Supplied material.

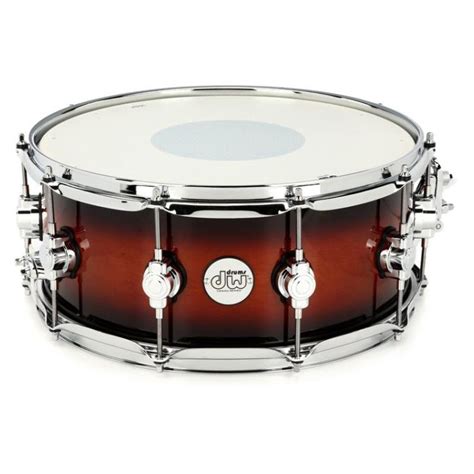 Dw Design Series Snare Drum Inch X Inch Tobacco Burst Artofit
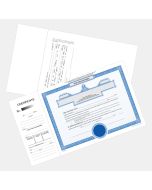 Blue Laser Share Certificate with Seal - Alberta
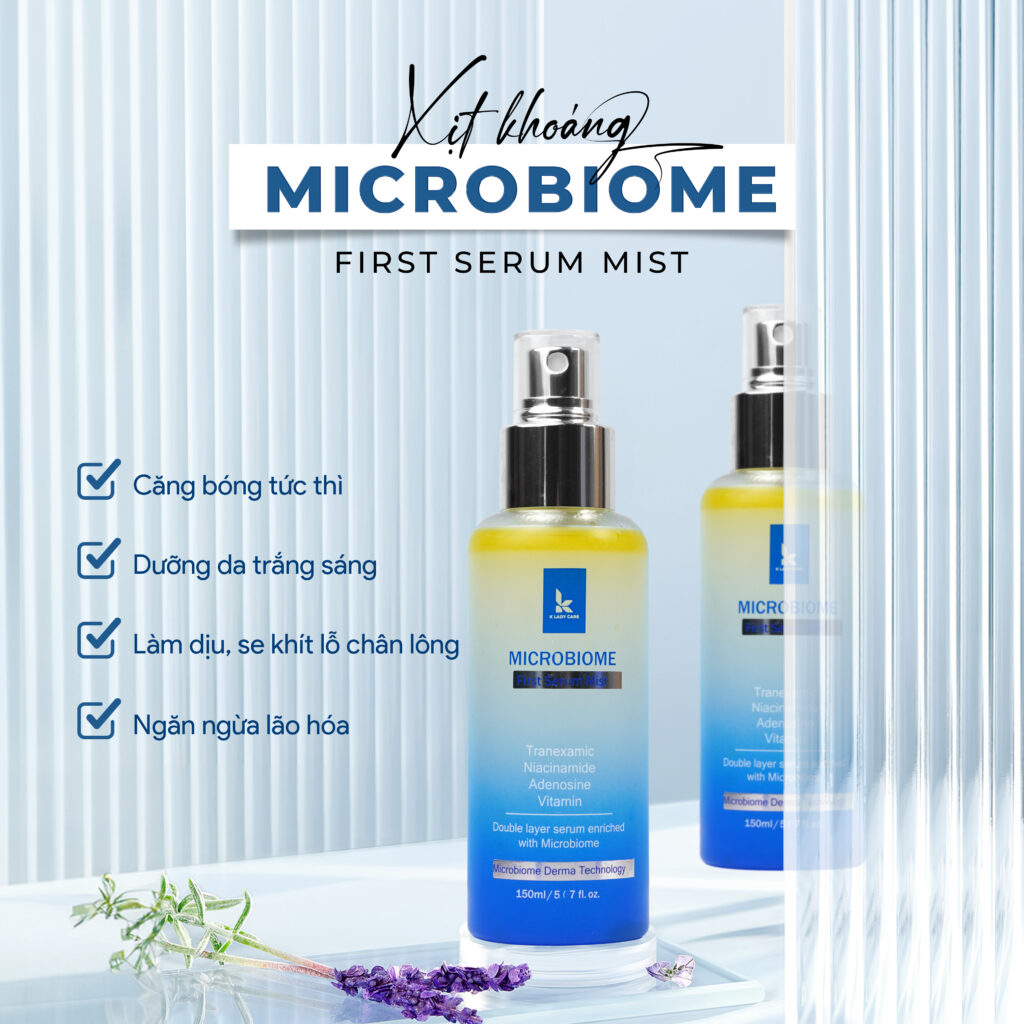 Xịt khoáng K Lady Care - Cấp ẩm, căng bóng, dịu da ngay tức thì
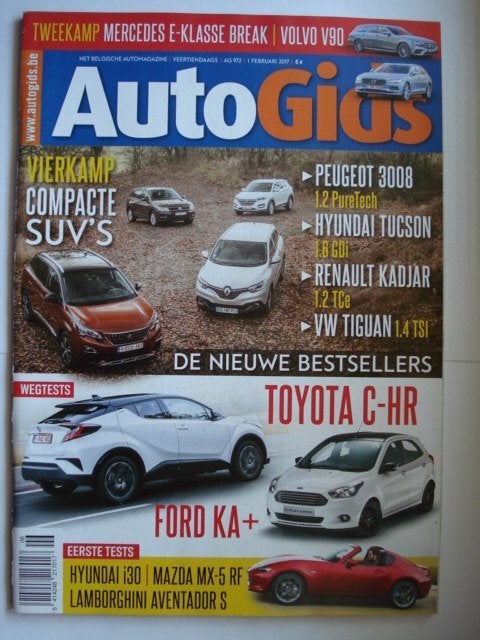 AutoGids 972 Toyota C-HR Lamborghini Aventador Mazda MX-5 RF, Boeken, Auto's | Folders en Tijdschriften, Verzenden, Gelezen, Algemeen
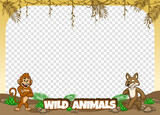 Frame Design of Wild Animal Zoo Nature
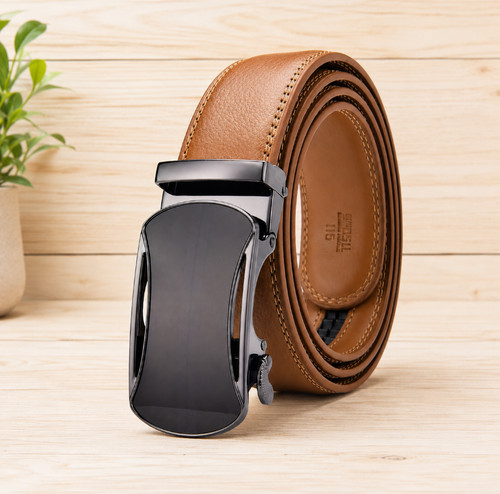Mens italian leather belt - leather,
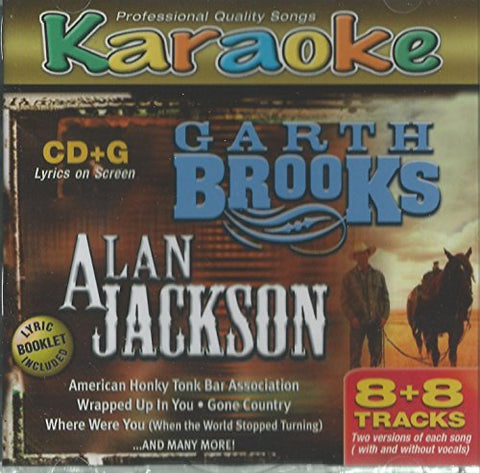 Karaoke Bay Garth Brooks & Alan Jackson 8x8 Multiplex CDG [Audio CD] Alan Jackson and Garth Brooks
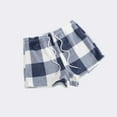 thumbnail image 1 of Qulqfy Plaid Lounge Shorts Women High Waisted Drawstring Elastic Waist Athletic Pockets fluff Loose Bow Summer Shorts for Women, 1 of 5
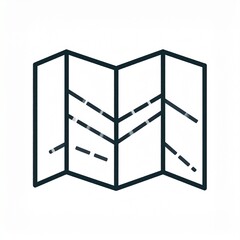 Modern minimalist open white window frames crossing design black lines architecture interior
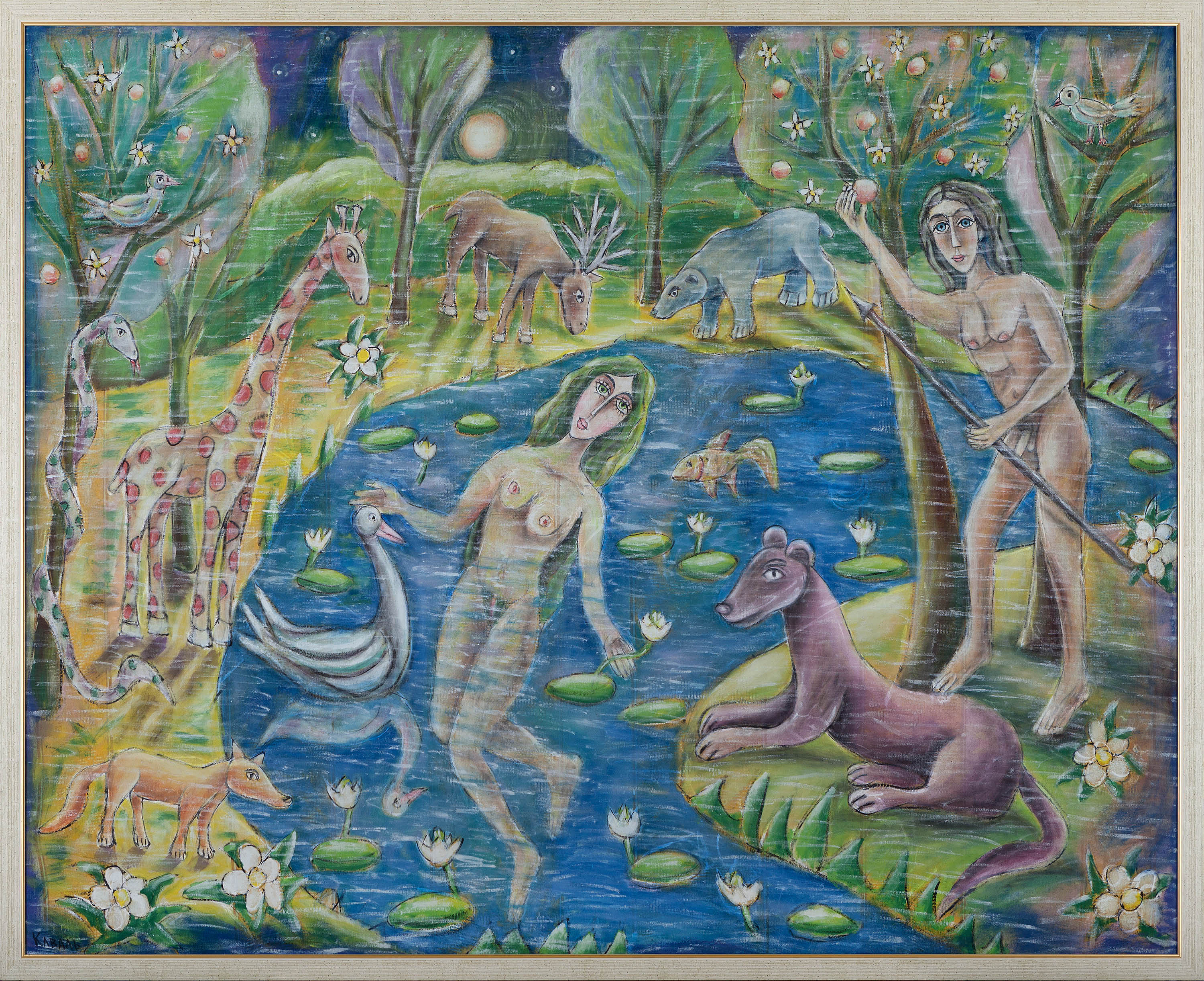 ПЕРВЫЙ СНЕГ. СОН ПИРОСМАНИ В РАЙСКОМ САДУ БОСХА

Exercise.
Each line from the one containing "Blue Laser Share" through the last line of the entries above is to be extracted exactly. Pictures are not part of the copy.

Exercise response.
 Blue Laser Share Certificate with Seal - Alberta
 Xịt khoáng K Lady Care - Cấp ẩm, căng bóng, dịu da ngay tức thì
 AutoGids 972 Toyota C-HR Lamborghini Aventador Mazda MX-5 RF, Boeken, Auto's | Folders en Tijdschriften, Verzenden, Gelezen, Algemeen
 Frame Design of Wild Animal Zoo Nature
Mens italian leather belt - leather,
 Karaoke Bay Garth Brooks & Alan Jackson 8x8 Multiplex CDG [Audio CD] Alan Jackson and Garth Brooks
 thumbnail image 1 of Qulqfy Plaid Lounge Shorts Women High Waisted Drawstring Elastic Waist Athletic Pockets fluff Loose Bow Summer Shorts for Women, 1 of 5
 Modern minimalist open white window frames crossing design black lines architecture interior
 ПЕРВЫЙ СНЕГ. СОН ПИРОСМАНИ В РАЙСКОМ САДУ БОСХА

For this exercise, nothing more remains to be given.